Chroniques

par samuel moreau

Luigi Boccherini
Concerti pour violoncelle n°9 à n°12

1 CD Naxos (2004)
8.557589
Luigi Boccherini | concerti pour violoncelle

Né en Toscane en 1743, dans la belle ville de Lucca, Luigi Boccherini est mort à Madrid en 1805. Sa famille était des plus cultivées. Le frère aîné, danseur et chorégraphe, était aussi poète : il écrivit, entre autres, des livrets d'opéra pour Salieri et le texte d’Il ritorno di Tobia, l'oratorio de Haydn ; la sœur dansait également, faisant carrière à Vienne, et leur père jouait de la contrebasse en professionnel. Lui-même fit ses débuts à treize ans, comme violoncelliste.
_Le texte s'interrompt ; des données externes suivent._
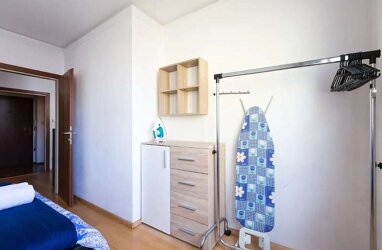 Wohnung zur Miete 540 € 2 Zimmer 44 m² Von-der-Tann-Straße 10 Ostnerwacht Regensburg 93047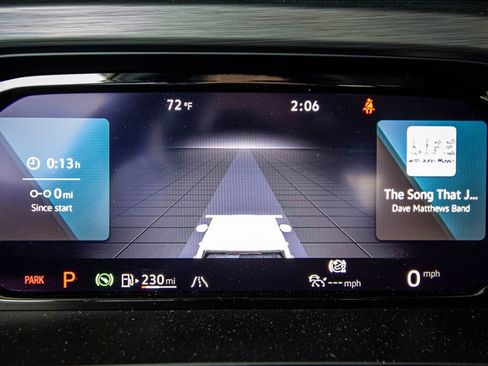 Used 2024 Volkswagen Atlas Cross Sport SE w/ Panoramic Sunroof Package image 39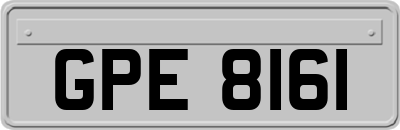GPE8161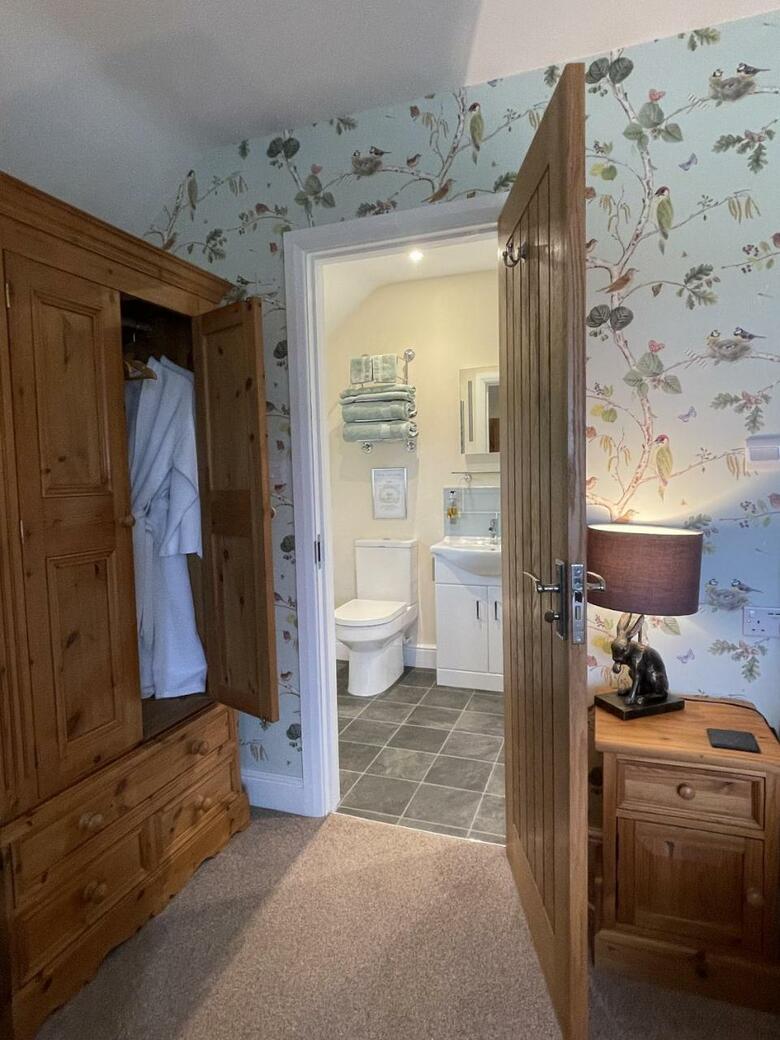 Bed & Breakfast Lancasters Cottage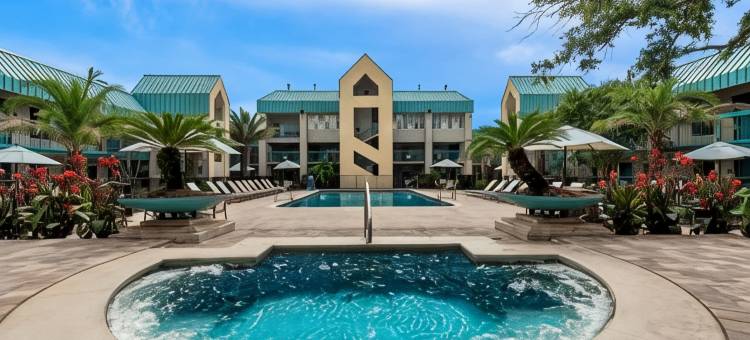 海道贝斯特韦斯特优质酒店(Best Western Seaway Inn)图片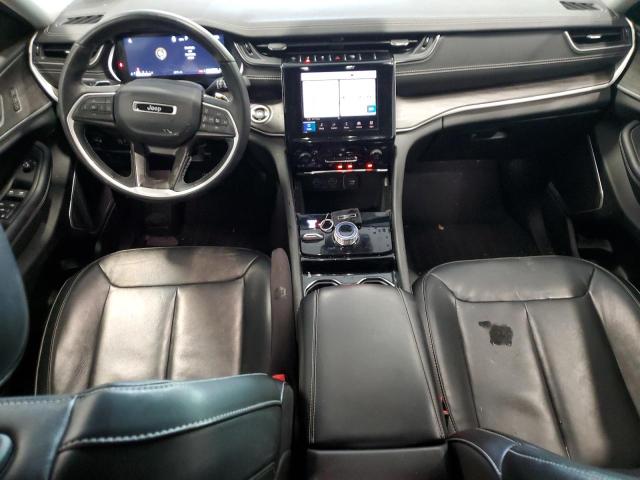 2022 JEEP GRAND CHER - 1C4RJKBG5N8552614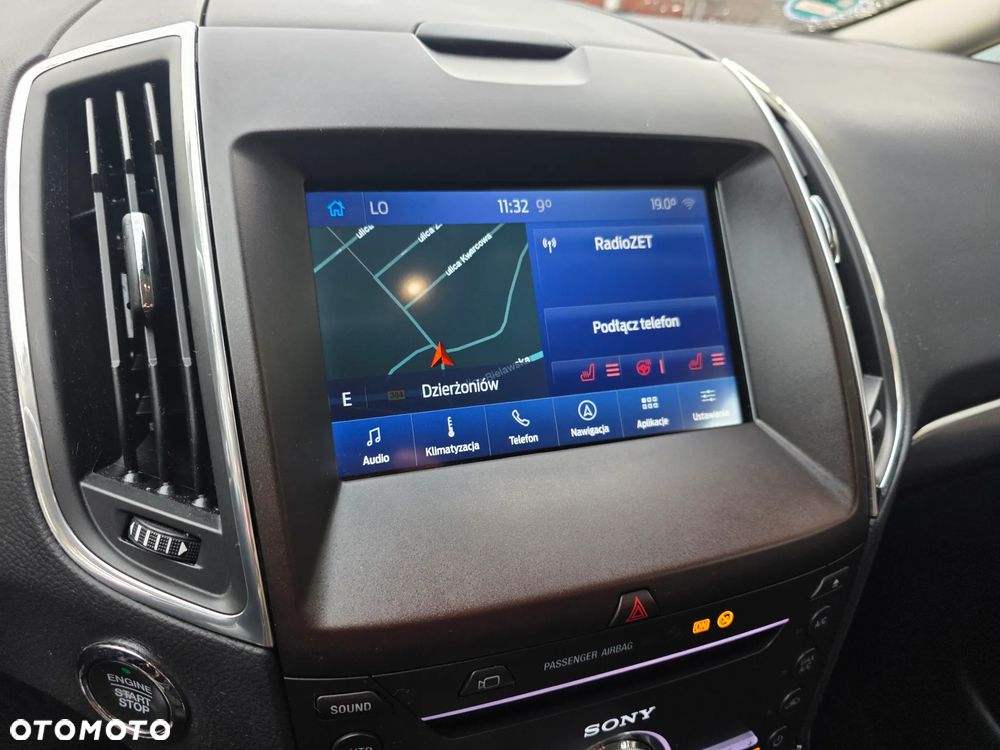 Ford S-Max 2.0 EcoBlue Titanium - 10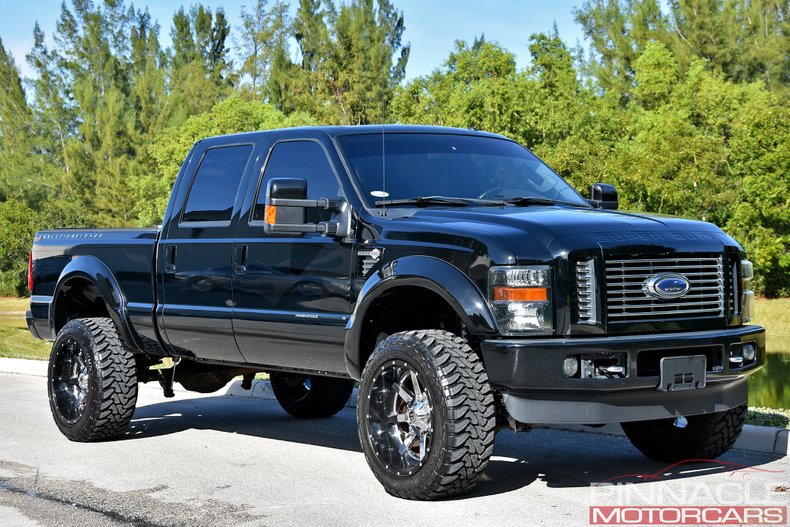 For Sale 2010 Ford Super Duty F-250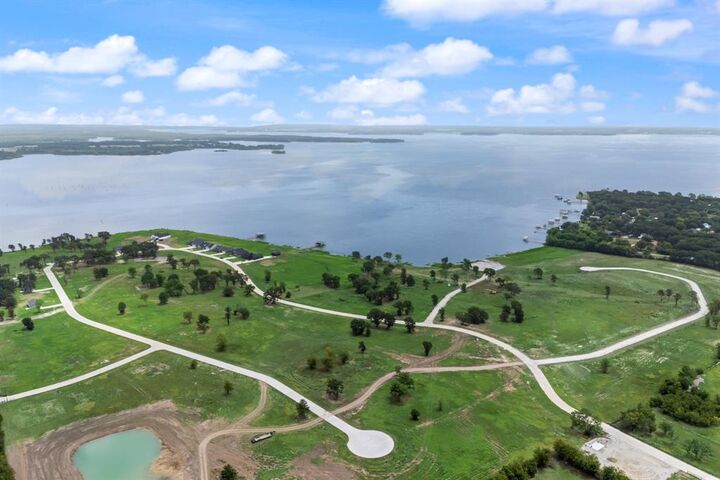 Property Photo: 241 Caro Drive TX 75474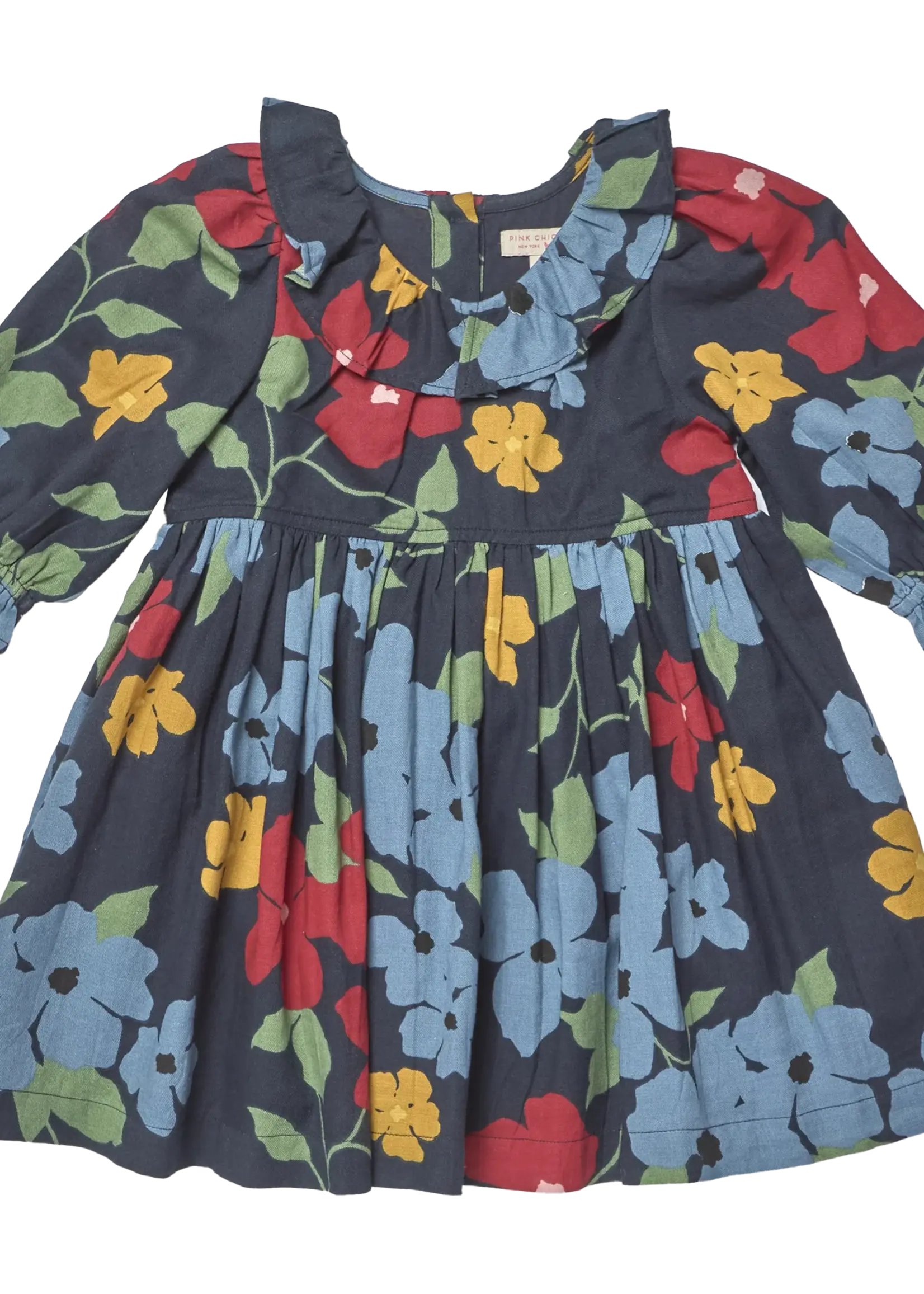 Pink Chicken Girls Amara Dress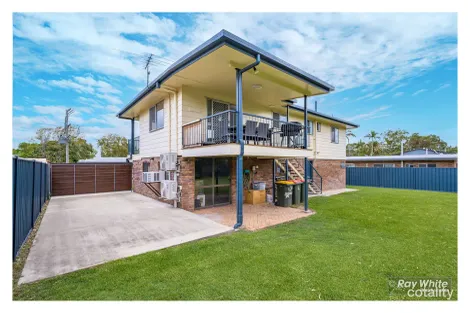 Property photo of 7 Wigginton Street Frenchville QLD 4701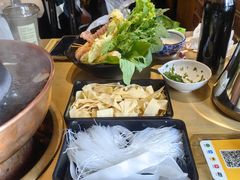 -牛街清真满恒記(平安里西大街店)
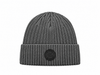 4Us Paciotti Unisex adulto Cappello a cuffia PA003 Antracite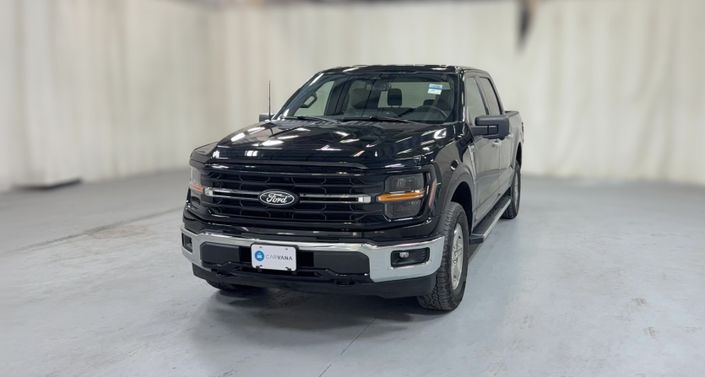 Thumbnail: 2024 Ford Econoline - 1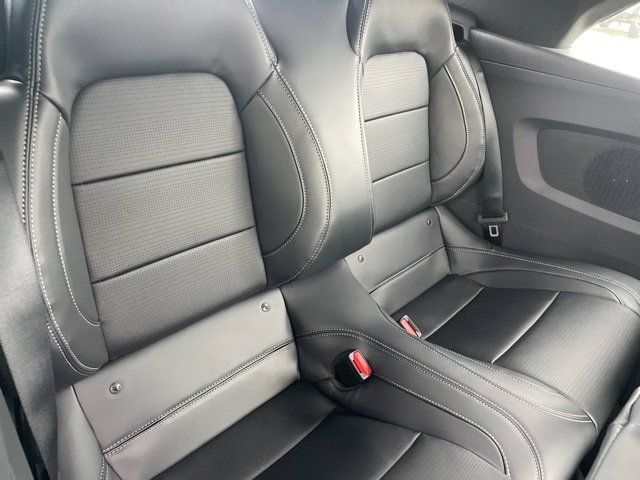 New 2026 Ford Mustang Premium image 13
En 1757, parti à Rome pour y étudier, il n'y resta que quelques mois, son père et lui ayant été convoqués à Vienne pour jouer dans l'orchestre de la Cour ; il avait à peine quinze ans.

Dès lors, sa vie fut faite de travail et de voyages. Avec le violoniste Filipo Manfredi, il se rendit à Paris pour une série de concerts, en 1767 – où il fit éditer quelques compositions –, puis à Madrid l'année suivante. Il développa alors son intérêt pour la musique de chambre. Après la mort de l'Infant Don Luis, son principal employeur, il travailla pour l'héritier du trône de Prusse. De nouveau, la disparition du roi (1798) l'oblige à chercher un nouveau mécène. Il décline l'offre d'enseigner au Conservatoire de Paris et retourne à Madrid. Ses dernières années, uniquement consacrées à la composition, sont vécues dans de fortes difficultés financières et émotionnelles (perte de sa seconde épouse, de ses deux filles).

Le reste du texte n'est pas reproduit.